Probability¶

Experiments, Sample Spaces and Events¶

For any experiment, outcome is uncertain.
“Sample Space - The set of all possible outcomes for an experiment.”
A set of possible outcomes i.e. a subset of points in a sample space in a probabilistic experiment is called an event.

“Mutually Exclusive Events - A set of events are mutually exclusive if the occurrence of one event precludes the occurrence of any other event.”
If the events are mutually exclusive then, \(P(E_1\) or \(E_2) = P(E_1) + P(E_2)\)
If the events are not mutually exclusive then, \(P(E_1\) or \(E) = P(E_1) + P(E_2) - P(E_1\) and \(E_2)\).

“Two events are complementary events if they have no points in common and together include all points in an experiment’s sample space.”
The complement of event \(E\) is \(\bar{E}\).
\(E\) and \(\bar{E}\) are mutually exclusive events.
\(P(E\) or \(\bar{E}) = 1 = P(E) + P(\bar{E})\).

“Given two events \(A\) and \(B\) the conditional probability of event \(A\) given that event \(B\) has occurred is written as \(P(A|B)\). Intuitively, once we know that event \(B\) has occurred, this is the chance that event \(A\) will occur.”
\(P(A|B) = \frac{P(A and B)}{P(B)}\)
“Given two events A and B we define the joint probability of A and B to be the probability that events A and B both occur.”

“Independent Events - Two events are independent if the occurrence of one of the events does not change our estimate of the probability of the other event. In short, events A and B are independent if and only if P(A|B) = P(A).”
For two independent events \(E_1\) and \(E_2\), \(P(E_1\) and \(E_2) = P(E_1) \times P(E_2)\)

“Random Variable - A function that associates a numerical value with every possible outcome of an experiment.”
Random variables can be discrete or continuous.
“Expected Value of a Random Variable - The average value you would expect to see of a random variable if you perform an experiment many times.”
“The expected value of a discrete random variable is found simply by multiplying each value of the random variable by its probability and then adding up the products.”
For discrete random variables, \(E(X) = \sum_{i=1}^{n} p_i x_i\).
“The expected value of a discrete random variable tells you, on average, what value that variable has.”
“Variance of a Random Variable - A measure of a random variable’s spread about its mean defined as the average squared deviation of a random variable from its mean. \(\sigma^2(X) = \sum_{i=1}^{n} p_i (x_i - E(X))^2\).”
The standard deviation of a random variable \(\sigma(X)\) is simply the square root of the variance.

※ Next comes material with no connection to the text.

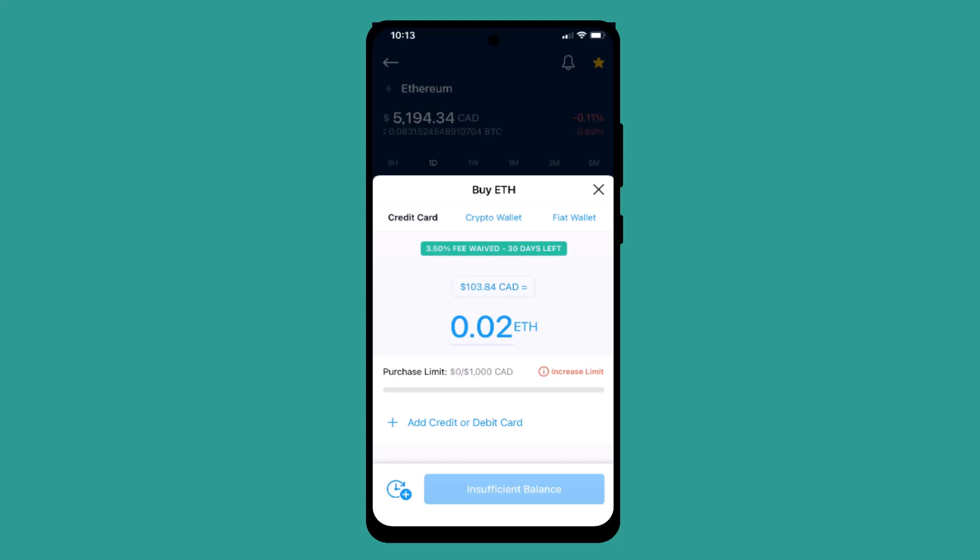Tap the trade icon located right at the bottom. From there you'll be able to find two different options: either to buy cryptos or to sell cryptos. If you want to buy cryptos, tap the buy button, and on the lower half of your screen you'll see this interface.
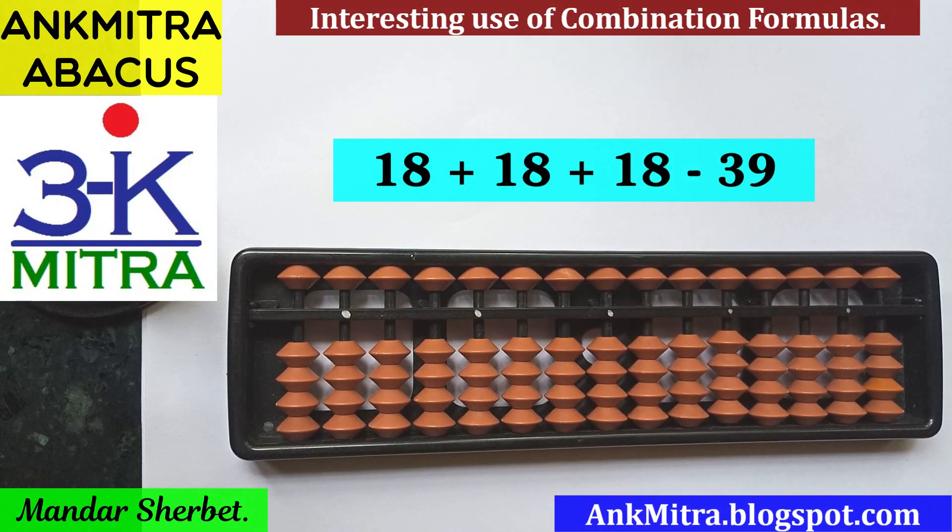Hello everyone. In this video I'll be demonstrating a sum that you can see in front of you right now. We will be adding 18 three times and then subtracting 39 from it. The interesting part is that the addition of 18 each time is to be done using a different method or different formula.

“Continuous Random Variable - A continuous random variable is used to describe an uncertain quantity (such as height, weight, or return on a stock) which can assume an infinite number of values and is defined over an interval or intervals of values.”
“Probability density function (PDF) - A continuous random variable’s pdf tells us the relative likelihoods of the random variable’s possible values. The area under a pdf between a and b is the probability that the continuous random variable assumes a value between a and b.”
A PDF has the following properties:
- It is always nonnegative.
- The height of a PDF for a value x of a continuous random variable represents the relative likelihood that the random variable assumes a value near x.
- The total area under the PDF must equal 1.
- The probability of an event involving a continuous random variable corresponds to the area under the PDF. The total probability of all possible outcomes must equal 1, in line with the total area of 1 under the PDF.

“Normal Random Variable - A continuous random variable that describes many quantities such as height, weight, or monthly sales of a product. A normal random variable is specified by its mean and standard deviation. The Excel function =NORMDIST(x, mean, standard deviation, True) gives the probability that a normal random variable with a given mean and standard deviation is ≤ x.”
“The normal random variable, often called the bell curve, has the following PDF: \(f(x) = \frac{1}{\sigma \sqrt{2\pi}} e^{- \frac{(x - \mu)^2}{2 \sigma^2}}\). Where, \(e=2.7182\).”
The normal random variable has several important properties:
- A normal random variable assumes a mean value μ.
- A normal random variable has a variance of \(\sigma^2\) and a standard deviation of \(\sigma\).
- There is a 68% chance that a normal random variable assumes a value within σ of the mean, a 95% chance that it assumes a value within 2σ of the mean, and a 99.7% chance that it assumes a value within 3σ of the mean.
- The normal PDF is symmetric about the mean: It looks the same to the left of the mean as it does to the right.